Various process schedulers have proven to be robust and very effective in time-sharing the CPU resource. Based on the goals of resource sharing, round-robin and credit based schedulers have been quite successful in managing CPU sharing without causing deadlocks or overpowering the CPU for exclusive use by a single process.
Extending the same model to virtualized servers by treating each independent VM as a process that is scheduled by the VMM has proven to be quite effective in terms of both performance and security. I/O resources like memory, disks and NICs are treated rather differently as compared to the CPU resource.
Current systems are designed to be managed by single OS. As a result of which these system resources are abstracted within the OS layers and projected as high-level resources like memory pages, disk files, sockets or packets, etc. The process is allocated these high-level resources and usage is mostly managed using these abstractions.
Actual data transfer to and from the physical device is managed and handled by the OS. Almost all of the these resources are accessed using functions of the privileged OS kernel, which in the case of general purpose OS like the Linux, is a non-pre-emptive kernel. In such systems, security breaches can happen because of faulty or buggy device drivers that capture the CPU in an infinite loop.

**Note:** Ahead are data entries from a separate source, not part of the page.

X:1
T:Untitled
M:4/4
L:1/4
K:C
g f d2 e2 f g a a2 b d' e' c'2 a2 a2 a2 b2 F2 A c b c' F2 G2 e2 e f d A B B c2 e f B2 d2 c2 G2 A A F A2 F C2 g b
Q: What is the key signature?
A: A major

This issue is easily solved by restricting the VM’s CPU timeshare. Also, for devices that have drivers supporting unconstrained DMA, the drivers themselves become the security threat. Moving such device drivers from within the kernel space to user space has been proved to be the simplest method for solving the problem of unconstrained DMA. It is easy to support this idea on virtualized servers since all the VMs reside on a higher protection ring when compared to the virtual machine monitor (VMM) or the hypervisor.

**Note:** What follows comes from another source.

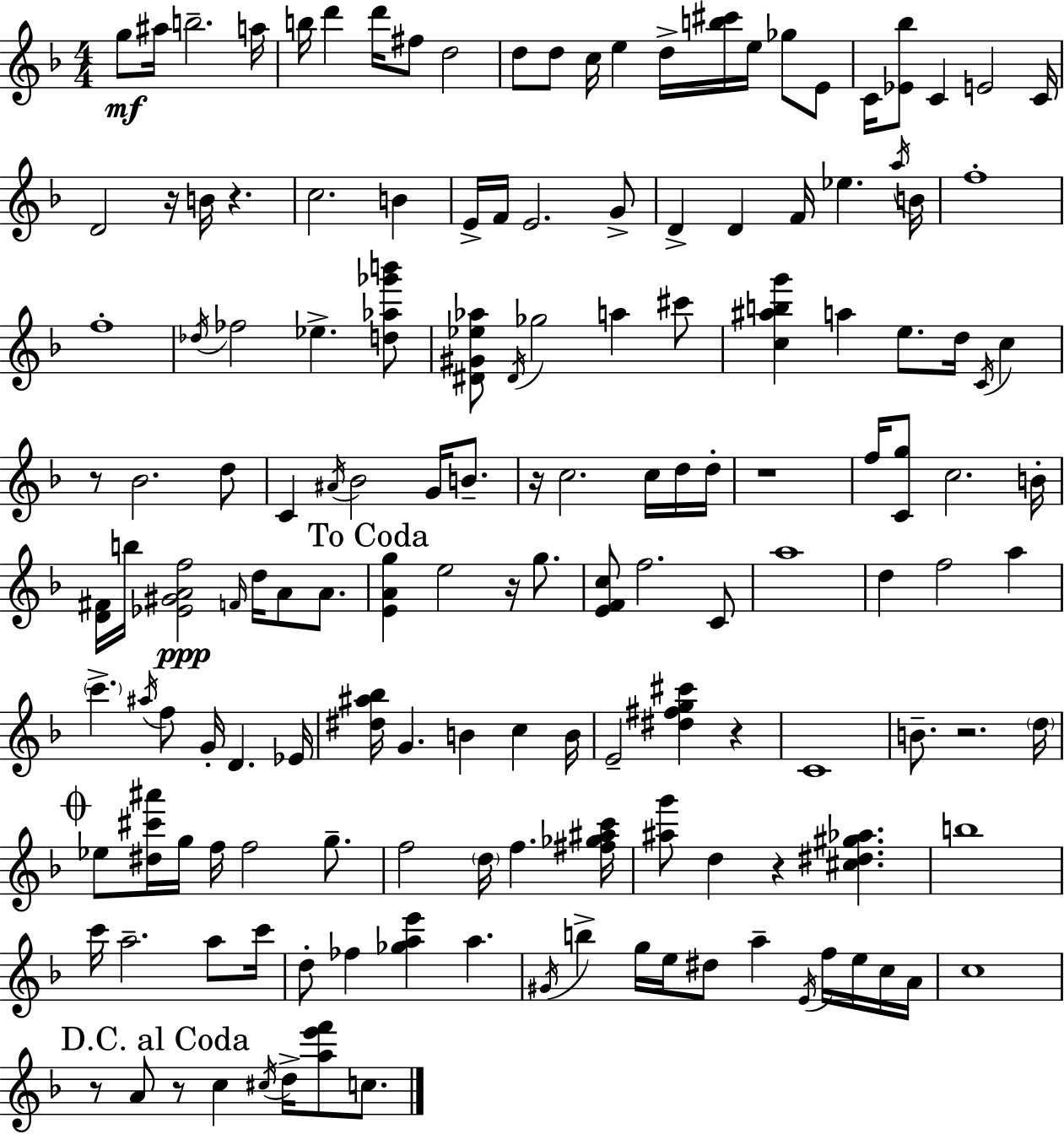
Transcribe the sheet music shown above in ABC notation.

Hence, a device driver attempting unconstrained DMA will naturally trap with a memory protection fault if it tries to read or write outside the VMs address space. Apart from these, the support for resource usage controls for these I/O devices lies high in the abstraction layers of the OS. Because of this the usage of the device tends to be unrestricted even though the application experiences constraints. This can lead to denial of service attack on the device. To prevent this, the device should provide resource usage controls. In order to support such a model, it is essential to have micro-architecture support from the I/O device, which the existing devices lack.
Virtualization leads to sharing of limited I/O devices by multiple, independent VMs. To guarantee performance and security it is necessary to provide concurrent device access to the shared I/O devices. Due to lack of micro-architecture support for concurrent device access, many of the prevalent virtualization architectures extend the “single-OS single-hardware” model to support virtual devices. Popular, prevalent I/O virtualization technologies use either a hosted VM or the VMM itself to contain the necessary software abstraction to support the virtual devices and concurrent access. As a consequence all shared devices also cause device access path to be shared. This model of sharing has two major pitfalls:
- Device access path is a software layer, which when shared can potentially cause all the sharing VMs to fail due to its failure.
- Since virtual device is an abstraction supported in software, device usage controls tend to be coarse grained and hence can be ineffective. This could lead to an easy denial of service attack.
We will therefore in this project come up with the micro-architecture of a processing core, in the context of a multi-core architecture which is both virtualization and security aware. This will enable application level control on the micro-architecture to address both performance and security.